── Extracted material

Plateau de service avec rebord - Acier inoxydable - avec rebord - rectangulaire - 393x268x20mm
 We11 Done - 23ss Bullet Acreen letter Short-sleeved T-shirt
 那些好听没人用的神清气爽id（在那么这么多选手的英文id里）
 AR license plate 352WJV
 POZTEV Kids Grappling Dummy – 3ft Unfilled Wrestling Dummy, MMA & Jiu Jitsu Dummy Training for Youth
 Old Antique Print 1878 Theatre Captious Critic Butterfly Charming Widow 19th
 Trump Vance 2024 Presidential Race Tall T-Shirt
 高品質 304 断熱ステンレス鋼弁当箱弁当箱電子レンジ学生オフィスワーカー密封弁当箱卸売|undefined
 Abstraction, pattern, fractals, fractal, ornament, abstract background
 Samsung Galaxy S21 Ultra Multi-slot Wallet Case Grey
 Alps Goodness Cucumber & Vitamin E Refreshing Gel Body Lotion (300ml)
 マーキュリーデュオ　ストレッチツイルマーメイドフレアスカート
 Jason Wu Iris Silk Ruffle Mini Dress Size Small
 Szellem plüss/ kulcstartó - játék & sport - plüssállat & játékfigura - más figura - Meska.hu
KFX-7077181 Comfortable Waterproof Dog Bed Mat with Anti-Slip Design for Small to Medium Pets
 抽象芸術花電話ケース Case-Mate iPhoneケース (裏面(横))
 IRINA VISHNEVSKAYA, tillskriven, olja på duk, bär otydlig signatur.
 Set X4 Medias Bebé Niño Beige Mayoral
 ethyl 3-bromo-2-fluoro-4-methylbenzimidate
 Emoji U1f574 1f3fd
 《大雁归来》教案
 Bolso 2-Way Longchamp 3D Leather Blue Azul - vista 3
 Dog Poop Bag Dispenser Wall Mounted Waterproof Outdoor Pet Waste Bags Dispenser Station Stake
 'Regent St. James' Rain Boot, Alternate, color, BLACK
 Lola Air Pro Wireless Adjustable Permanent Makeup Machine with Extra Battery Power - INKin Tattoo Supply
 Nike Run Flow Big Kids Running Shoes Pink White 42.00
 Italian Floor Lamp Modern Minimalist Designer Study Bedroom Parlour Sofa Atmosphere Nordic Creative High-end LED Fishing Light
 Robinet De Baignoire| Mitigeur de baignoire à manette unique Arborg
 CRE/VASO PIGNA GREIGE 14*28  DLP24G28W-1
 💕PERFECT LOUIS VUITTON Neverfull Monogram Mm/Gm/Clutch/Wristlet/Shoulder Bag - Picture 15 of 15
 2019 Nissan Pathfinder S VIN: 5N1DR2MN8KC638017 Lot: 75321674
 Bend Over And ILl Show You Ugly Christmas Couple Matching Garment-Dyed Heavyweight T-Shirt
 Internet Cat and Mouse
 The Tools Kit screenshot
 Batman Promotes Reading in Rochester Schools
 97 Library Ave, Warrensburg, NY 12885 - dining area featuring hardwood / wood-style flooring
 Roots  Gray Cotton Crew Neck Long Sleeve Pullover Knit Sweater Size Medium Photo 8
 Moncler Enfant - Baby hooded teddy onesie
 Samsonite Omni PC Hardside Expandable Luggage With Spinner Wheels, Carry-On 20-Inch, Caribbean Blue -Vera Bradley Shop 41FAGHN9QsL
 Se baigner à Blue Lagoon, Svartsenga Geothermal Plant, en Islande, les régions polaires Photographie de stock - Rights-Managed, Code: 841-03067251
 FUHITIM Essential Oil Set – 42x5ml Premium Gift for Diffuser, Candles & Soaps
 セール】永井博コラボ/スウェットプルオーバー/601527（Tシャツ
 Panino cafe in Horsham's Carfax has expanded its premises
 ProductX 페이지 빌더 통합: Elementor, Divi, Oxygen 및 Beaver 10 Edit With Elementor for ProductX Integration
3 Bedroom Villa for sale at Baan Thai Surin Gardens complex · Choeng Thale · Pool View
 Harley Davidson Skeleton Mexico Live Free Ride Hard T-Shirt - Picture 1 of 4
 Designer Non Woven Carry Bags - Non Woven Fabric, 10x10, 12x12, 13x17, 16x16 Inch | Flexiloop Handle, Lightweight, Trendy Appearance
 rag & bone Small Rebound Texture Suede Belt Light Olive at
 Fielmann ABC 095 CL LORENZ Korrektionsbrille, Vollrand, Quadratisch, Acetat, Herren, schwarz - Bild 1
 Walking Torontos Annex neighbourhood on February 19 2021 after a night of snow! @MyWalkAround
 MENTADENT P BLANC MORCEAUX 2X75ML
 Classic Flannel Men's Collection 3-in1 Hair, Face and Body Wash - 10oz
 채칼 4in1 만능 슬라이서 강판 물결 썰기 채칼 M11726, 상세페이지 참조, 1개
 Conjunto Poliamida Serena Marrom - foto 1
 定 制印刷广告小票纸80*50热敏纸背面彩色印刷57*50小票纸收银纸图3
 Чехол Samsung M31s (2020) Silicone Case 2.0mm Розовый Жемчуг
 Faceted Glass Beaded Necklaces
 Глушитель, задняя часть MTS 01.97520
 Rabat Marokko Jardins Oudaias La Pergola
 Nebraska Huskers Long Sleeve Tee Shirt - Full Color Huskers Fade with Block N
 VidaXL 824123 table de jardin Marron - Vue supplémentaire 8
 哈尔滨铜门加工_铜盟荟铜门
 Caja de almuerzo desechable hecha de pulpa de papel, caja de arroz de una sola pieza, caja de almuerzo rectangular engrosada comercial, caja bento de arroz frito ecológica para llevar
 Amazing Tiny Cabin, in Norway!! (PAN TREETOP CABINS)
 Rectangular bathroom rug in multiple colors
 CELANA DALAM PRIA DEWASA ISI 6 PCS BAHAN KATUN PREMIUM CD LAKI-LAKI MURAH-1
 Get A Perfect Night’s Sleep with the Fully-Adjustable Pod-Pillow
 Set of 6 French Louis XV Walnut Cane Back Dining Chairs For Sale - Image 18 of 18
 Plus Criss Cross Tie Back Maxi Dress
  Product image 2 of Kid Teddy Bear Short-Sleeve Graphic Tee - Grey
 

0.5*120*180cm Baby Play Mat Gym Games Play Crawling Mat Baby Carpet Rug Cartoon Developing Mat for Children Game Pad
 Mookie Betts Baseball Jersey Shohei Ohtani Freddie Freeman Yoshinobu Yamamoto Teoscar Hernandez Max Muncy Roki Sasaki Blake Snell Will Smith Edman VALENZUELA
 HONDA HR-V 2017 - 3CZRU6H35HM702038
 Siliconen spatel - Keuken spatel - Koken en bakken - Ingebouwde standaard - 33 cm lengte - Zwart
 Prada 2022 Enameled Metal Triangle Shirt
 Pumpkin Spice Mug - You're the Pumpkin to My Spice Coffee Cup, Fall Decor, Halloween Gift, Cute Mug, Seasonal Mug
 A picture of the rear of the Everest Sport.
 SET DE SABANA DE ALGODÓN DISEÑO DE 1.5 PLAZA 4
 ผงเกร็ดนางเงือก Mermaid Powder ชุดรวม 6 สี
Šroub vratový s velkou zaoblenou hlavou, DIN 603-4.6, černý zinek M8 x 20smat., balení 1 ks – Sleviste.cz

────

Exactly as written, transcribe each line of the data.

## Reply
Plateau de service avec rebord - Acier inoxydable - avec rebord - rectangulaire - 393x268x20mm
 We11 Done - 23ss Bullet Acreen letter Short-sleeved T-shirt
 那些好听没人用的神清气爽id（在那么这么多选手的英文id里）
 AR license plate 352WJV
 POZTEV Kids Grappling Dummy – 3ft Unfilled Wrestling Dummy, MMA & Jiu Jitsu Dummy Training for Youth
 Old Antique Print 1878 Theatre Captious Critic Butterfly Charming Widow 19th
 Trump Vance 2024 Presidential Race Tall T-Shirt
 高品質 304 断熱ステンレス鋼弁当箱弁当箱電子レンジ学生オフィスワーカー密封弁当箱卸売|undefined
 Abstraction, pattern, fractals, fractal, ornament, abstract background
 Samsung Galaxy S21 Ultra Multi-slot Wallet Case Grey
 Alps Goodness Cucumber & Vitamin E Refreshing Gel Body Lotion (300ml)
 マーキュリーデュオ　ストレッチツイルマーメイドフレアスカート
 Jason Wu Iris Silk Ruffle Mini Dress Size Small
 Szellem plüss/ kulcstartó - játék & sport - plüssállat & játékfigura - más figura - Meska.hu
KFX-7077181 Comfortable Waterproof Dog Bed Mat with Anti-Slip Design for Small to Medium Pets
 抽象芸術花電話ケース Case-Mate iPhoneケース (裏面(横))
 IRINA VISHNEVSKAYA, tillskriven, olja på duk, bär otydlig signatur.
 Set X4 Medias Bebé Niño Beige Mayoral
 ethyl 3-bromo-2-fluoro-4-methylbenzimidate
 Emoji U1f574 1f3fd
 《大雁归来》教案
 Bolso 2-Way Longchamp 3D Leather Blue Azul - vista 3
 Dog Poop Bag Dispenser Wall Mounted Waterproof Outdoor Pet Waste Bags Dispenser Station Stake
 'Regent St. James' Rain Boot, Alternate, color, BLACK
 Lola Air Pro Wireless Adjustable Permanent Makeup Machine with Extra Battery Power - INKin Tattoo Supply
 Nike Run Flow Big Kids Running Shoes Pink White 42.00
 Italian Floor Lamp Modern Minimalist Designer Study Bedroom Parlour Sofa Atmosphere Nordic Creative High-end LED Fishing Light
 Robinet De Baignoire| Mitigeur de baignoire à manette unique Arborg
 CRE/VASO PIGNA GREIGE 14*28  DLP24G28W-1
 💕PERFECT LOUIS VUITTON Neverfull Monogram Mm/Gm/Clutch/Wristlet/Shoulder Bag - Picture 15 of 15
 2019 Nissan Pathfinder S VIN: 5N1DR2MN8KC638017 Lot: 75321674
 Bend Over And ILl Show You Ugly Christmas Couple Matching Garment-Dyed Heavyweight T-Shirt
 Internet Cat and Mouse
 The Tools Kit screenshot
 Batman Promotes Reading in Rochester Schools
 97 Library Ave, Warrensburg, NY 12885 - dining area featuring hardwood / wood-style flooring
 Roots  Gray Cotton Crew Neck Long Sleeve Pullover Knit Sweater Size Medium Photo 8
 Moncler Enfant - Baby hooded teddy onesie
 Samsonite Omni PC Hardside Expandable Luggage With Spinner Wheels, Carry-On 20-Inch, Caribbean Blue -Vera Bradley Shop 41FAGHN9QsL
 Se baigner à Blue Lagoon, Svartsenga Geothermal Plant, en Islande, les régions polaires Photographie de stock - Rights-Managed, Code: 841-03067251
 FUHITIM Essential Oil Set – 42x5ml Premium Gift for Diffuser, Candles & Soaps
 セール】永井博コラボ/スウェットプルオーバー/601527（Tシャツ
 Panino cafe in Horsham's Carfax has expanded its premises
 ProductX 페이지 빌더 통합: Elementor, Divi, Oxygen 및 Beaver 10 Edit With Elementor for ProductX Integration
3 Bedroom Villa for sale at Baan Thai Surin Gardens complex · Choeng Thale · Pool View
 Harley Davidson Skeleton Mexico Live Free Ride Hard T-Shirt - Picture 1 of 4
 Designer Non Woven Carry Bags - Non Woven Fabric, 10x10, 12x12, 13x17, 16x16 Inch | Flexiloop Handle, Lightweight, Trendy Appearance
 rag & bone Small Rebound Texture Suede Belt Light Olive at
 Fielmann ABC 095 CL LORENZ Korrektionsbrille, Vollrand, Quadratisch, Acetat, Herren, schwarz - Bild 1
 Walking Torontos Annex neighbourhood on February 19 2021 after a night of snow! @MyWalkAround
 MENTADENT P BLANC MORCEAUX 2X75ML
 Classic Flannel Men's Collection 3-in1 Hair, Face and Body Wash - 10oz
 채칼 4in1 만능 슬라이서 강판 물결 썰기 채칼 M11726, 상세페이지 참조, 1개
 Conjunto Poliamida Serena Marrom - foto 1
 定 制印刷广告小票纸80*50热敏纸背面彩色印刷57*50小票纸收银纸图3
 Чехол Samsung M31s (2020) Silicone Case 2.0mm Розовый Жемчуг
 Faceted Glass Beaded Necklaces
 Глушитель, задняя часть MTS 01.97520
 Rabat Marokko Jardins Oudaias La Pergola
 Nebraska Huskers Long Sleeve Tee Shirt - Full Color Huskers Fade with Block N
 VidaXL 824123 table de jardin Marron - Vue supplémentaire 8
 哈尔滨铜门加工_铜盟荟铜门
 Caja de almuerzo desechable hecha de pulpa de papel, caja de arroz de una sola pieza, caja de almuerzo rectangular engrosada comercial, caja bento de arroz frito ecológica para llevar
 Amazing Tiny Cabin, in Norway!! (PAN TREETOP CABINS)
 Rectangular bathroom rug in multiple colors
 CELANA DALAM PRIA DEWASA ISI 6 PCS BAHAN KATUN PREMIUM CD LAKI-LAKI MURAH-1
 Get A Perfect Night’s Sleep with the Fully-Adjustable Pod-Pillow
 Set of 6 French Louis XV Walnut Cane Back Dining Chairs For Sale - Image 18 of 18
 Plus Criss Cross Tie Back Maxi Dress
  Product image 2 of Kid Teddy Bear Short-Sleeve Graphic Tee - Grey
 

0.5*120*180cm Baby Play Mat Gym Games Play Crawling Mat Baby Carpet Rug Cartoon Developing Mat for Children Game Pad
 Mookie Betts Baseball Jersey Shohei Ohtani Freddie Freeman Yoshinobu Yamamoto Teoscar Hernandez Max Muncy Roki Sasaki Blake Snell Will Smith Edman VALENZUELA
 HONDA HR-V 2017 - 3CZRU6H35HM702038
 Siliconen spatel - Keuken spatel - Koken en bakken - Ingebouwde standaard - 33 cm lengte - Zwart
 Prada 2022 Enameled Metal Triangle Shirt
 Pumpkin Spice Mug - You're the Pumpkin to My Spice Coffee Cup, Fall Decor, Halloween Gift, Cute Mug, Seasonal Mug
 A picture of the rear of the Everest Sport.
 SET DE SABANA DE ALGODÓN DISEÑO DE 1.5 PLAZA 4
 ผงเกร็ดนางเงือก Mermaid Powder ชุดรวม 6 สี
Šroub vratový s velkou zaoblenou hlavou, DIN 603-4.6, černý zinek M8 x 20smat., balení 1 ks – Sleviste.cz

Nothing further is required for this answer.